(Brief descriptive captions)
>>>>>

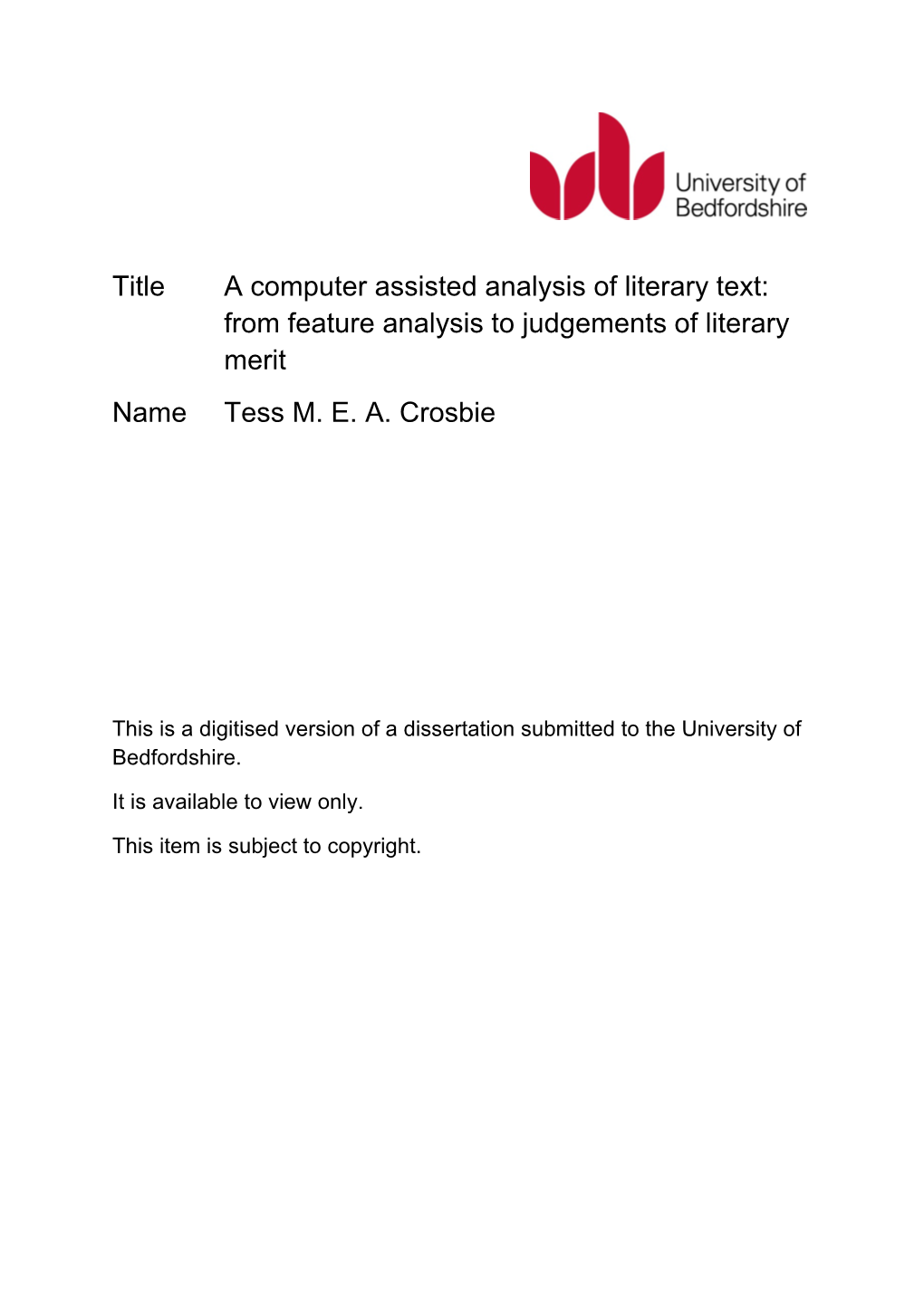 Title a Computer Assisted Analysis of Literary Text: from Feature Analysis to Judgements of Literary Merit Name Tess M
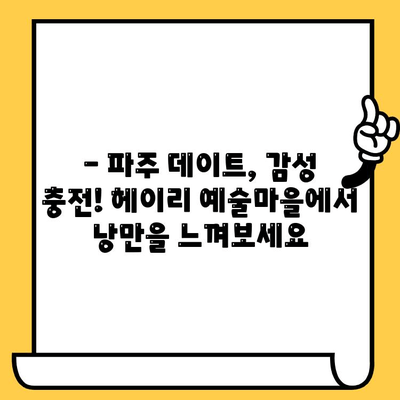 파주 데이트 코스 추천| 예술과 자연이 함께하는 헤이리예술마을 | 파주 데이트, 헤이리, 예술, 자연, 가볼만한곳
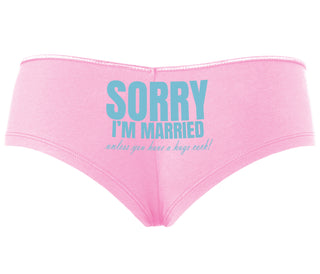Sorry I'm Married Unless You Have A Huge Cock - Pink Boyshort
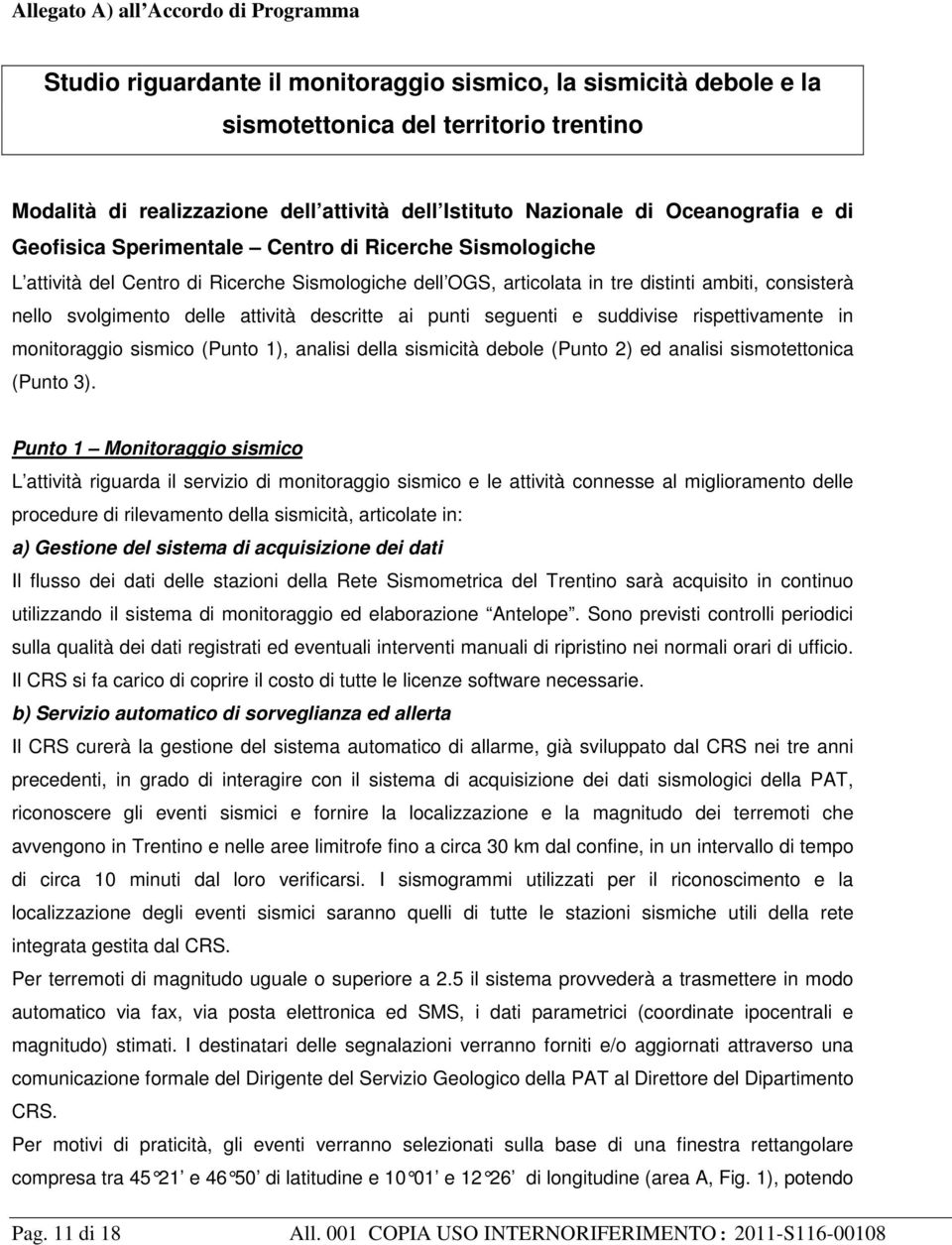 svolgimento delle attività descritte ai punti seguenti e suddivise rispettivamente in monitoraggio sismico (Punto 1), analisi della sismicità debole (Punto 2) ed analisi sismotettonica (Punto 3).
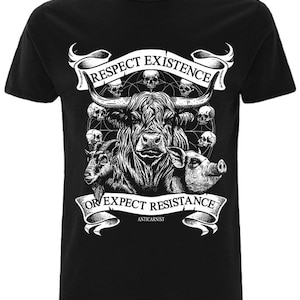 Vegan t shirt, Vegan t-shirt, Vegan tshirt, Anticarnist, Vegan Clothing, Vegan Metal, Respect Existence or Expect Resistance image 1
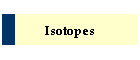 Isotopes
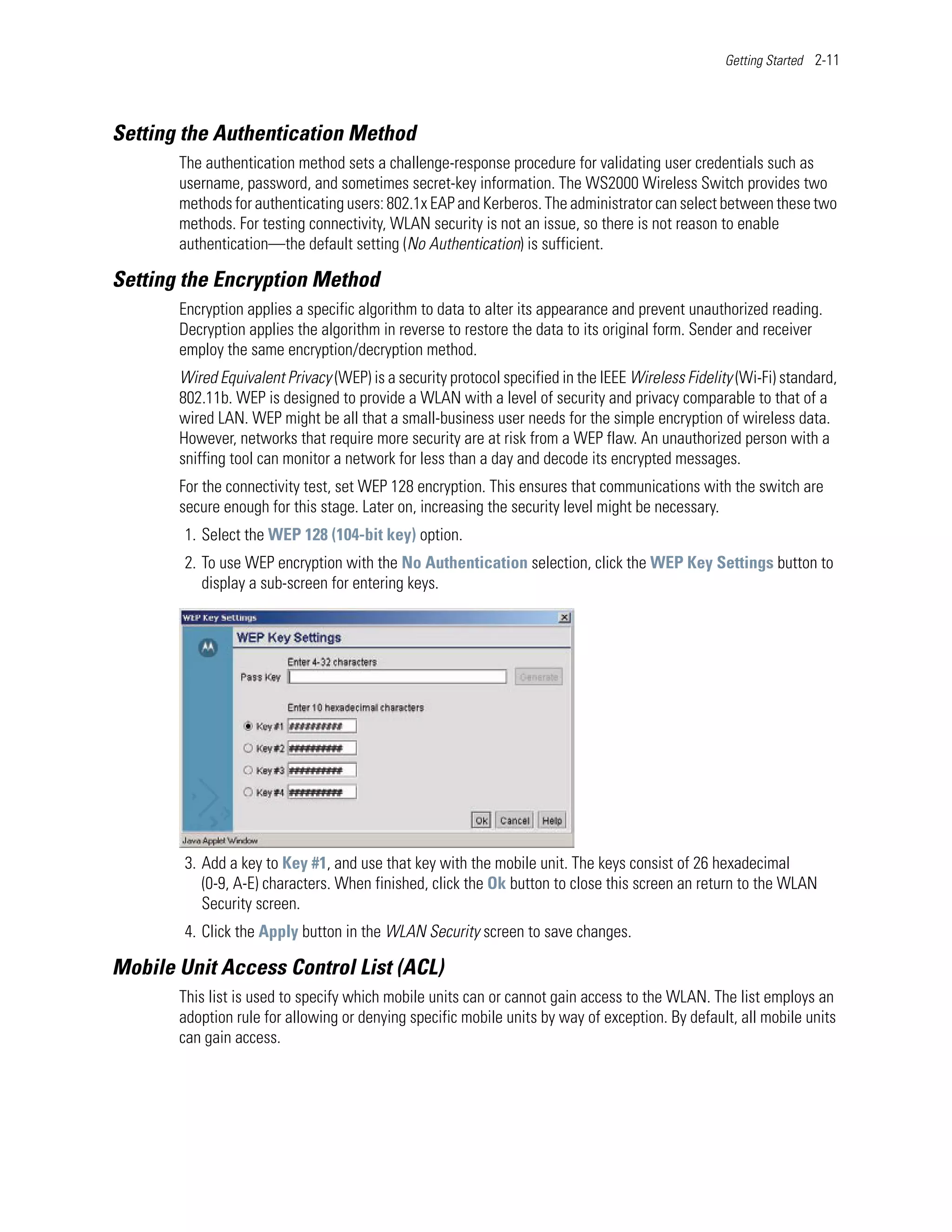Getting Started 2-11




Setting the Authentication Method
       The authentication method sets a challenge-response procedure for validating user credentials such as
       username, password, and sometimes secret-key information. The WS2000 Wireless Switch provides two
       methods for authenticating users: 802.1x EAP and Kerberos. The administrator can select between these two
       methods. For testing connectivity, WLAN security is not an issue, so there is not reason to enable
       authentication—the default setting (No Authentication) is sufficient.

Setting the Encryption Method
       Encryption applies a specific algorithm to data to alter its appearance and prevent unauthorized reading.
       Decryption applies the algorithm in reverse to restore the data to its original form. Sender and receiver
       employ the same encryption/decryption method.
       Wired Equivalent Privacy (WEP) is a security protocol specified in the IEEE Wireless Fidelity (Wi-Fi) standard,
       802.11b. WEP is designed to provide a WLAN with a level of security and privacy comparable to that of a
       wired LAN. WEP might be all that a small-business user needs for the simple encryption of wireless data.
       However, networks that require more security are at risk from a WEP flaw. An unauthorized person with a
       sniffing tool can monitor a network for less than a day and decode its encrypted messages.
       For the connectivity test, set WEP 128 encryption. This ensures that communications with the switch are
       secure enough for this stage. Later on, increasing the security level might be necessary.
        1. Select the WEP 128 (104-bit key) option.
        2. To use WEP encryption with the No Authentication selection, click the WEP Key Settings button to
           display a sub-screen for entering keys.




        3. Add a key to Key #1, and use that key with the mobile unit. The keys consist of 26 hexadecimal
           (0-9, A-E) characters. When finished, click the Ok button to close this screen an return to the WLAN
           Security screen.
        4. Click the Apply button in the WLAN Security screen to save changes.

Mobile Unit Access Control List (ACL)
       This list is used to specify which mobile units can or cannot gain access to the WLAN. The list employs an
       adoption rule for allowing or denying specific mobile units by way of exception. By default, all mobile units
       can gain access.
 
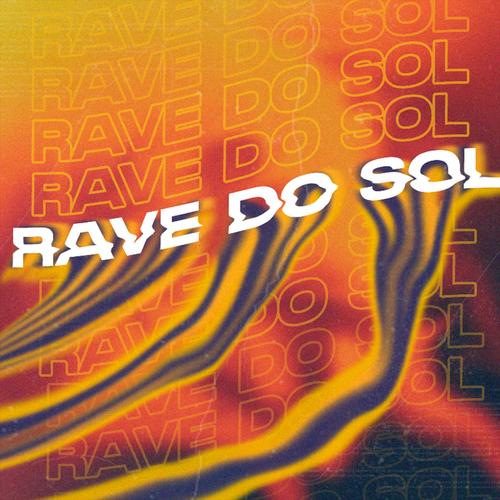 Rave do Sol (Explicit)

<<<<<

_What the task asks_: Would you copy out, exactly and with no pictures, only the lines above from the one that contains "svolgimento delle attività" through the one that contains "secure enough for"?

_The answer_:
 svolgimento delle attività descritte ai punti seguenti e suddivise rispettivamente in monitoraggio sismico (Punto 1), analisi della sismicità debole (Punto 2) ed analisi sismotettonica (Punto 3).
 Vegan t shirt, Vegan t-shirt, Vegan tshirt, Anticarnist, Vegan Clothing, Vegan Metal, Respect Existence or Expect Resistance image 1
 Isotopes
Getting Started 2-11




Setting the Authentication Method
       The authentication method sets a challenge-response procedure for validating user credentials such as
       username, password, and sometimes secret-key information. The WS2000 Wireless Switch provides two
       methods for authenticating users: 802.1x EAP and Kerberos. The administrator can select between these two
       methods. For testing connectivity, WLAN security is not an issue, so there is not reason to enable
       authentication—the default setting (No Authentication) is sufficient.

Setting the Encryption Method
       Encryption applies a specific algorithm to data to alter its appearance and prevent unauthorized reading.
       Decryption applies the algorithm in reverse to restore the data to its original form. Sender and receiver
       employ the same encryption/decryption method.
       Wired Equivalent Privacy (WEP) is a security protocol specified in the IEEE Wireless Fidelity (Wi-Fi) standard,
       802.11b. WEP is designed to provide a WLAN with a level of security and privacy comparable to that of a
       wired LAN. WEP might be all that a small-business user needs for the simple encryption of wireless data.
       However, networks that require more security are at risk from a WEP flaw. An unauthorized person with a
       sniffing tool can monitor a network for less than a day and decode its encrypted messages.
       For the connectivity test, set WEP 128 encryption. This ensures that communications with the switch are
       secure enough for this stage. Later on, increasing the security level might be necessary.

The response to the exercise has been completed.